Introduction
This site hosts the documentation for the Video2X project, a machine learning-based lossless video super-resolution and frame interpolation framework.
The project's homepage is located on GitHub at: https://github.com/k4yt3x/video2x.
If you have any questions, suggestions, or found any issues in the documentation, please open an issue on GitHub.
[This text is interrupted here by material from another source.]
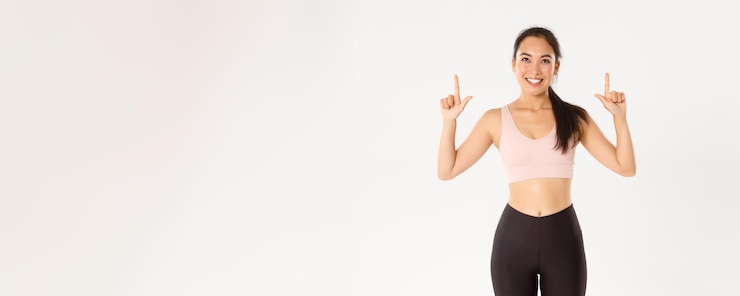 Free Photo sport wellbeing and active lifestyle concept cheerful goodlooking asian sportswoman in sportsbra and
🚧 Some pages are still under construction.
Building
Instructions for building the project.
Windows
Instructions for building this project on Windows.
1. Prerequisites
The following tools must be installed manually:
- Visual Studio 2022
- Workload: Desktop development with C++
- winget-cli
2. Clone the Repository
# Install Git if not already installed
winget install -e --id=Git.Git
# Clone the repository
git clone --recurse-submodules https://github.com/k4yt3x/video2x.git
cd video2x
3. Install Dependencies
# Install CMake
winget install -e --id=Kitware.CMake
# Install Vulkan SDK
winget install -e --id=KhronosGroup.VulkanSDK
# Versions of manually installed dependencies
$ffmpegVersion = "7.1"
$ncnnVersion = "20240820"
# Download and extract FFmpeg
curl -Lo ffmpeg-shared.zip "https://github.com/GyanD/codexffmpeg/releases/download/$ffmpegVersion/ffmpeg-$ffmpegVersion-full_build-shared.zip"
Expand-Archive -Path ffmpeg-shared.zip -DestinationPath third_party
Rename-Item -Path "third_party/ffmpeg-$ffmpegVersion-full_build-shared" -NewName ffmpeg-shared
# Download and extract ncnn
curl -Lo ncnn-shared.zip "https://github.com/Tencent/ncnn/releases/download/$ncnnVersion/ncnn-$ncnnVersion-windows-vs2022-shared.zip"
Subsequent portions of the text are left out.